From the view of Bayes’s law, however, another strategy of focusing on \(P(CP \vert D=d)\) of \(P(CP, D=d)=P(D=d)P(CP \vert D=d)\) can be considered for the rule induction. That is, after receiving the outputs of \(D=d\), the strategy exploring and estimating \(CP=\wedge _{j}(C(j_{k})=v_{j_{k}})\) of the corresponding inputs can be also valid. Specifically, when receiving the outputs, the corresponding inputs are classified into two cases: One is the uniquely determined and/or conflicted cases and the other is the indifferent case (see Table 1). Both cases can be easily distinguished from each other by use of a statistical test specifying the null hypothesis H0: the event \(D=d\) has occurred by chance (the indifferent case) and the alternative hypothesis H1: the event \(D=d\) hasn’t occurred by chance (the uniquely and/or conflicted case). Under H0, \(P(CP \vert D=d)=P(CP)\) and the intervention of rules transforming the inputs into the output is denied. If H0 is denied, H1 is adopted as a rule candidate, which means \(P(CP \vert D=d) \ne P(CP)\). Such hypothesis testing can be easily executed by finding the co-occurrence set with the event \(D=d\) since the concept of the co-occurrence set is well-known in the field of association rule learning (ARL) [17] and the finding is effectively executed by the Apriori algorithm [18]. Then, this paper names this rule induction method apriori-STRIM. The ARL and the Apriori algorithm are summarized in Appendix A and the differences of the idea for the rule induction method between ARL and apriori-STRIM are shown through the same experiment in Sect. 3, that is, by VSofRIM. See Appendix A to easily understand the following.
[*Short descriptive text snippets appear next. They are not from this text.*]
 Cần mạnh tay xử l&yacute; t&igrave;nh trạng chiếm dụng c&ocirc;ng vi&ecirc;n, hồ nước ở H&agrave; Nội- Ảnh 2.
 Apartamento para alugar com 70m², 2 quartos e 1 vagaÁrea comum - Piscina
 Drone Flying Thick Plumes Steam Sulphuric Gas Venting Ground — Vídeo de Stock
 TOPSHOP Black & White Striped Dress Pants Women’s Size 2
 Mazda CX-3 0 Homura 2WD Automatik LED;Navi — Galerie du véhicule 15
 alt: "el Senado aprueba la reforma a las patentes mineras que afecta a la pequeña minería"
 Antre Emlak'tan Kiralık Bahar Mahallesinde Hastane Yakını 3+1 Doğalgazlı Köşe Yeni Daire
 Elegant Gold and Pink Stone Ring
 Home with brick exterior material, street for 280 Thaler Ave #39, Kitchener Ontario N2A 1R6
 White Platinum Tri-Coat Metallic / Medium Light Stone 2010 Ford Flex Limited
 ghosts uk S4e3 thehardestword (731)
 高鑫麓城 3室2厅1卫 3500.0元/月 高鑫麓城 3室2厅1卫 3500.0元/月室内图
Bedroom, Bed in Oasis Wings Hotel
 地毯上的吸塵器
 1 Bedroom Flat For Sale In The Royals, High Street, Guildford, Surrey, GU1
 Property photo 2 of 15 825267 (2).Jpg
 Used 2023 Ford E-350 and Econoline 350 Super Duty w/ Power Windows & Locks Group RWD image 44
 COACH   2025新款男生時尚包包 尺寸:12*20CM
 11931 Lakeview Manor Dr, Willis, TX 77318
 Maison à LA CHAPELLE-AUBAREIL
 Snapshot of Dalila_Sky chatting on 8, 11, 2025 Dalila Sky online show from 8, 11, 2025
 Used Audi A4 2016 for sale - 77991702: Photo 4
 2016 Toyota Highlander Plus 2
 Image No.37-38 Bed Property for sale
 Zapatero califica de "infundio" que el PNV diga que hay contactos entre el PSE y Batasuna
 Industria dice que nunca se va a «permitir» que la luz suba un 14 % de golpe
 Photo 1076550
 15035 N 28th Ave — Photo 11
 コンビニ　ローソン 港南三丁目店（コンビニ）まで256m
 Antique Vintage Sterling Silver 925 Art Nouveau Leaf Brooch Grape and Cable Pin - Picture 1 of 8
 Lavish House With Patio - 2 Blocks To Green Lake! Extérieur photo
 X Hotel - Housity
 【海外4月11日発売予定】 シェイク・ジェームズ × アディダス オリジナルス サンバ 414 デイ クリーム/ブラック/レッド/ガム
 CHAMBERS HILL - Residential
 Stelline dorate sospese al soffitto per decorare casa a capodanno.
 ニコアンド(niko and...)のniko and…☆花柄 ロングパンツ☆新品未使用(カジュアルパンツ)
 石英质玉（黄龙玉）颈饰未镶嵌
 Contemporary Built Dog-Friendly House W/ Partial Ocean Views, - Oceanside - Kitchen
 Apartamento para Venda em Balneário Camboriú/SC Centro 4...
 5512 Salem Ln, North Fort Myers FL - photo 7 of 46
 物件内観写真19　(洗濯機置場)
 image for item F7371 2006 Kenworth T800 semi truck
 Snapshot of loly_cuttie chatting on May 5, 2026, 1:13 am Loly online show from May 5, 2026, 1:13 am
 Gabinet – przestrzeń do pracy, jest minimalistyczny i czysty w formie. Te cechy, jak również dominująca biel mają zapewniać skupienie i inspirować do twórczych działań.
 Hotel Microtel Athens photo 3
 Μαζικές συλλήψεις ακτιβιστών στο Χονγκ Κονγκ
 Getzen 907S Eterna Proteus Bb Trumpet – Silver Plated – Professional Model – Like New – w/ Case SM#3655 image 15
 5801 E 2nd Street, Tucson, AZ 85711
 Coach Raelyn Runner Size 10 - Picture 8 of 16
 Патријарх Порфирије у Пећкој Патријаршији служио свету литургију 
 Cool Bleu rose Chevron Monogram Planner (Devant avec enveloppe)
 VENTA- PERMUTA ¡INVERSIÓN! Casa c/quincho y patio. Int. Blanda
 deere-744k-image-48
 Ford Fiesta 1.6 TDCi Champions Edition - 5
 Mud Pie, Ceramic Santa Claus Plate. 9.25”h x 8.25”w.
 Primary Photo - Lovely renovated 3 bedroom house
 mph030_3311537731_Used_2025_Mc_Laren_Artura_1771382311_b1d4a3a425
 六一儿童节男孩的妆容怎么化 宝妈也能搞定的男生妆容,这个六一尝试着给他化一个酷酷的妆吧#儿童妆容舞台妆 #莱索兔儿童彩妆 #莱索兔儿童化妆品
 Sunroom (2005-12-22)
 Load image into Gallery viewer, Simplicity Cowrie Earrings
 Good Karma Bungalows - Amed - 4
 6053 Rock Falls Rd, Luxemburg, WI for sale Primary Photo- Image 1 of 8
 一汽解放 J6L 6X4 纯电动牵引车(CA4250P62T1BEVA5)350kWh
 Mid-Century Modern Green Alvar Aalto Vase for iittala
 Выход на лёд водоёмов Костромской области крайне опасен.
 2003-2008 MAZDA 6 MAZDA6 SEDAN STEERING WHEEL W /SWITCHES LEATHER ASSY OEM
The specific procedure for apriori-STRIM is shown in Fig. 2 where the procedure is shown in R language style since the Apriori algorithm is already implemented by the language as an apriori() function which has a good reputation. The outline is the following: Line No. 1 (\(LN=1\)) installs the package of ARL as “arules” [20] via the internet and \(LN=2\) loads it as the library “arules”. \(LN=3\) inputs the DT as “data”. From \(LN=4\) to \(NL=15\), every iD of the decision attribute (\(=1 \sim M_{D})\) is proceeded. \(LN=5\) substitutes \(U(iD)=\{u(i) \vert u^{D=iD}(i)\}\) with dataiD, and its condition part dataCiD is extracted (\(LN=6\)), and transformed into the transaction form CiD.tra at \(LN=7\). \(LN=8\) extracts co-occurrence sets of CiD.tra, that is, co-occurrence sets of the condition attributes’ values of U(iD) as frequent item sets according to parameters which specify them as greater than or equal to supp0 and substitute them for CiD.ap. \(LN=9\) extracts the set of frequent item set (SFIS). From \(LN=10\) to \(LN=13\), every p-value of SFIS(iCo) (\(iCo=1, \ldots , \vert SFIS \vert )\) is calculated and tested for whether its p-value is less than a pre-specified p-value0 and SFIS(iCo) is saved as a candidate if it satisfies the condition. \(LN=14\) arranges the candidates having inclusion relationship by representing the candidate with the least p-value and finally decides rules for iD.
5 Studies on Apriori-STRIM by Simulation Experiment
An experiment result for the rule induction by the conventional STRIM was shown in Table 3 by applying it to the DT containing the pre-specified rules. We also applied apriori-STRIM for the same DT and show the results with the process in Fig. 2.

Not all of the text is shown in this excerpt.